1

I am trying to parse a wikitext file received through Wikipedia's API and the problem is that some of its templates (i.e. snippets enclosed in {{ and }}) are not automatically expanded into wikitext, so I have to manually look for them in the article source and replace them eventually. The question is, can I use regex in .NET to get the matches from the text ?

To try to make myself more clear, here is an example to illustrate what I mean:

For the string

{{ abc {{...}} def {{.....}} gh }}

there should be a single match, namely the entire string, so the longest possible match.

On the other hand, for "orphaned" braces such as in this example:

{{ abc {{...}}

the result should be a single match: {{...}}

Could anyone offer me a suggestion ? Thanks in advance.

polygenelubricants
  • 376,812
  • 128
  • 561
  • 623
Gabriel S.
  • 1,347
  • 11
  • 31

4 Answers4

3

You can do this with .NET regex using balancing groups definition.

The example given in the documentation shows how it works with nestable < and >. You can easily adapt the delimiters to {{ and }}. You can adapt it further to allow for single { and } within the "text" if you want.

Remember that { and } are regex metacharacters; to match literally, you can escape to \{ and \}.

polygenelubricants
  • 376,812
  • 128
  • 561
  • 623
1

Don't do it with regex.

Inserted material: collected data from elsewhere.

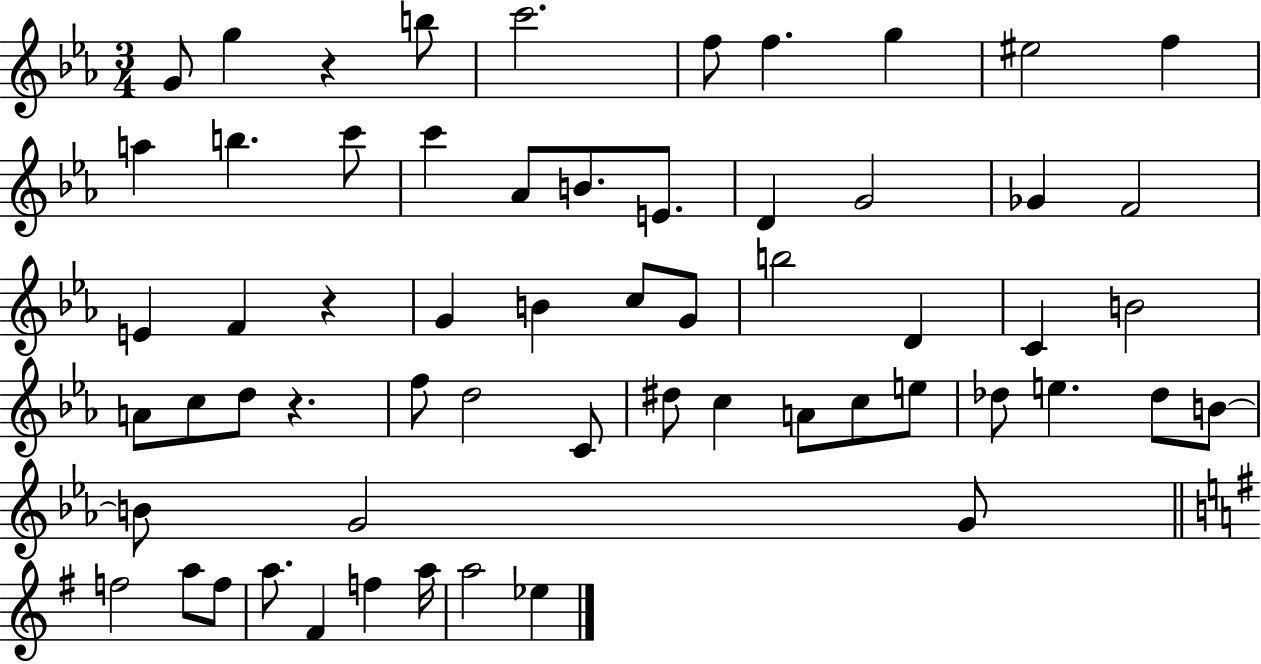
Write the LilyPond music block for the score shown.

{
  \clef treble
  \numericTimeSignature
  \time 3/4
  \key ees \major
  g'8 g''4 r4 b''8 | c'''2. | f''8 f''4. g''4 | eis''2 f''4 | \break a''4 b''4. c'''8 | c'''4 aes'8 b'8. e'8. | d'4 g'2 | ges'4 f'2 | \break e'4 f'4 r4 | g'4 b'4 c''8 g'8 | b''2 d'4 | c'4 b'2 | \break a'8 c''8 d''8 r4. | f''8 d''2 c'8 | dis''8 c''4 a'8 c''8 e''8 | des''8 e''4. des''8 b'8~~ | \break b'8 g'2 g'8 | \bar "||" \break \key e \minor f''2 a''8 f''8 | a''8. fis'4 f''4 a''16 | a''2 ees''4 | \bar "|."
}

Go through the string left to right and if you encounter a {{ push its position on a stack, and on a }} pop the position of the previous {{ from the stack and calculate the length. Then you can easily take the maximum of these length.

CodesInChaos
  • 106,488
  • 23
  • 218
  • 262
  • You're right, i tried using a stack and indeed it's a more suitable approach in this case. I am not very comfortable with regular expressions yet, but i suspect that the regex solutions would not always work as expected if there were unpaired braces in the string. – Gabriel S. Oct 14 '10 at 13:48
0

This regex pattern matches any arbitrary numbers of you mentioned pattern.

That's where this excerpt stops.